Margaret Anne Sinclair, PCC (29 March 1900 – 24 November 1925) also known as Sister Mary Francis of the Five Wounds, was a Scottish Catholic nun, a member of the Colettine Poor Clares. She was declared "Venerable" by Pope Paul VI on 6 February 1978.

Life

Margaret Sinclair was baptised at St Patrick's Church on 11 April, 1900. On 8 May 1910, she was confirmed in St Patrick's Church, Edinburgh and received the Eucharist for the first time.

Both her older brother John and her father served in World War I. Sinclair left school at the age of fourteen and, from 1914 to 1918, worked full-time at Waverley Cabinet Works as an apprentice French polisher, and became an active member of her trade union.

The Scottish economy had been heavily dependent upon the war; a depression followed the end of the Great War.
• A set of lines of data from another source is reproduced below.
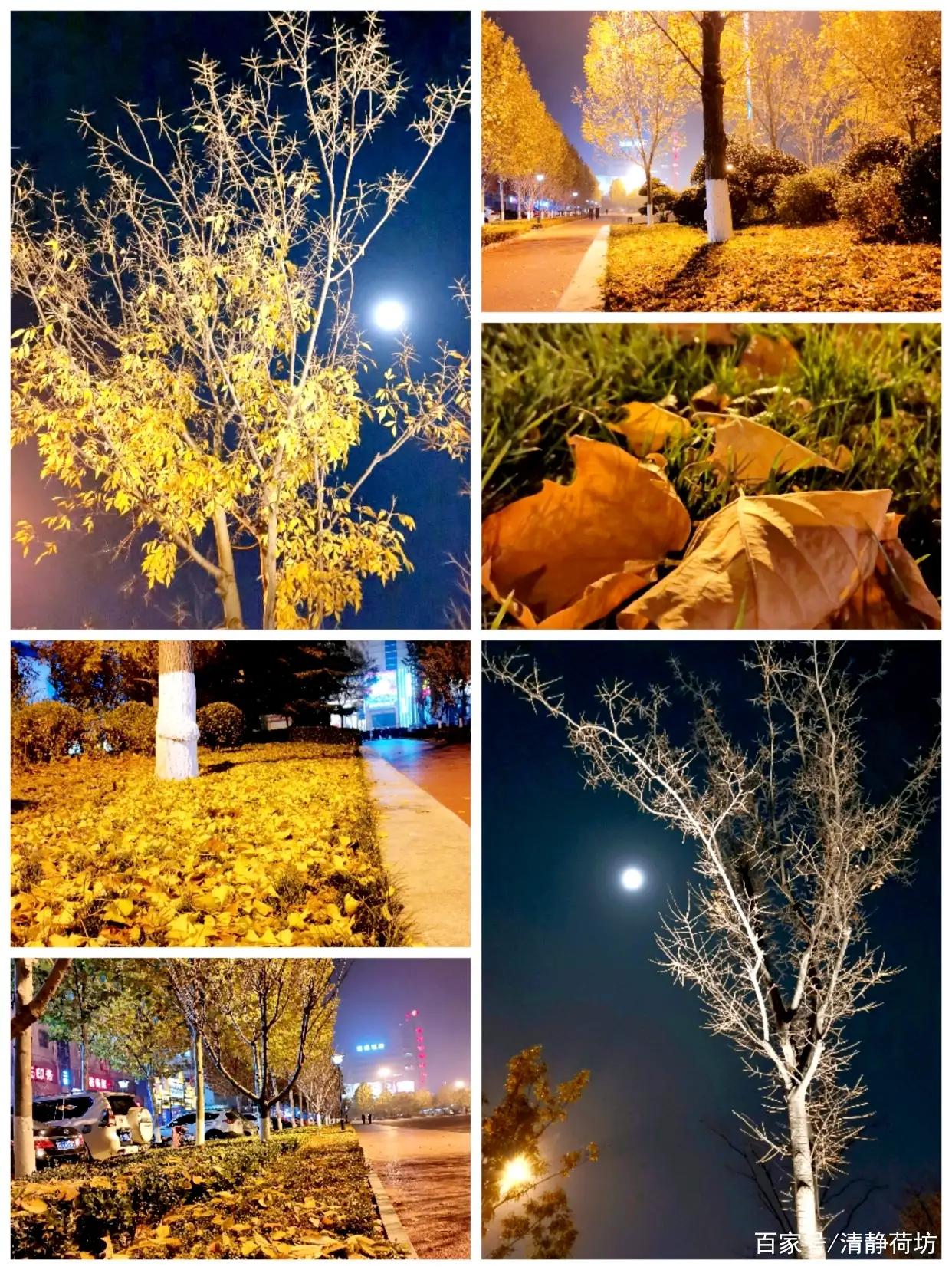 秋去冬来，烟火人间诗意向远——心暖，可抵千年寒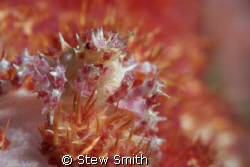 soft coral crab = 60mm macro
NO cropping
LEMBEH by Stew Smith 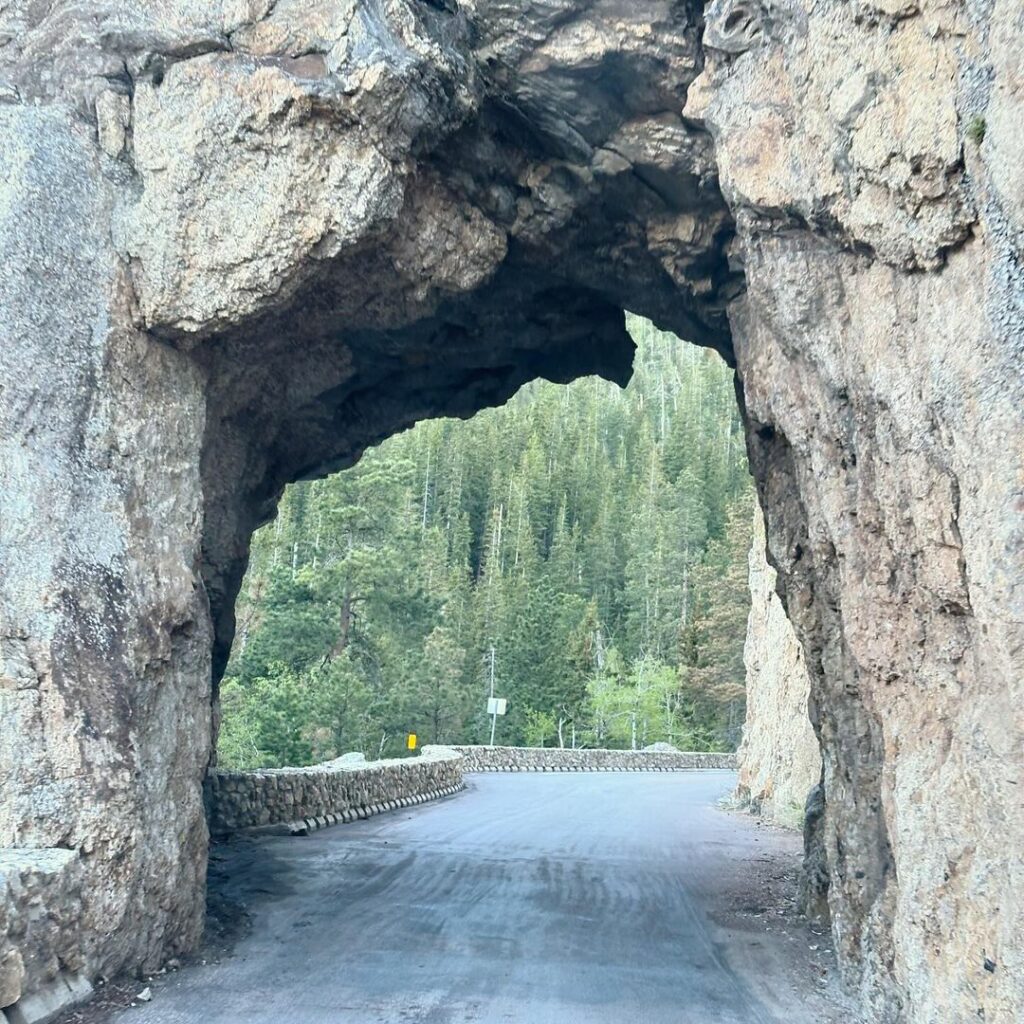 Custer State Park-South Dakota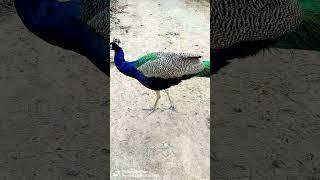  wow so beautiful peacock  #peacock #peacockcall #nature #wildlife #peacocking #funny #peacock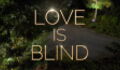 Love Is Blind: Netflix's new binge-worthy 'experiment' that has us wanting more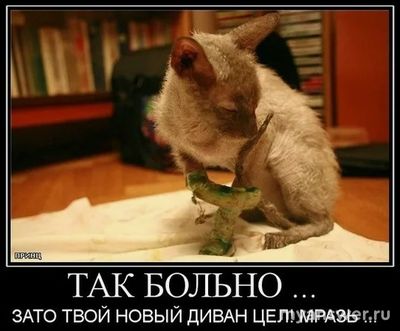 Для кошки операция по удалению когтей- это хорошо или плохо?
Many activities necessary for the war economy, such as arms production and ship construction, no longer played a major role in the Scottish Economy; the skills required to undertake these tasks were not easily transferable to the civilian economy. Margaret was unemployed, and by 1918 the Waverley Cabinet Works had shut its doors. She would later find work in a biscuit factory run by McVitie.

In 1922, seeking a life of solitude and prayer, Margaret applied to join the Poor Clares in Notting Hill, London.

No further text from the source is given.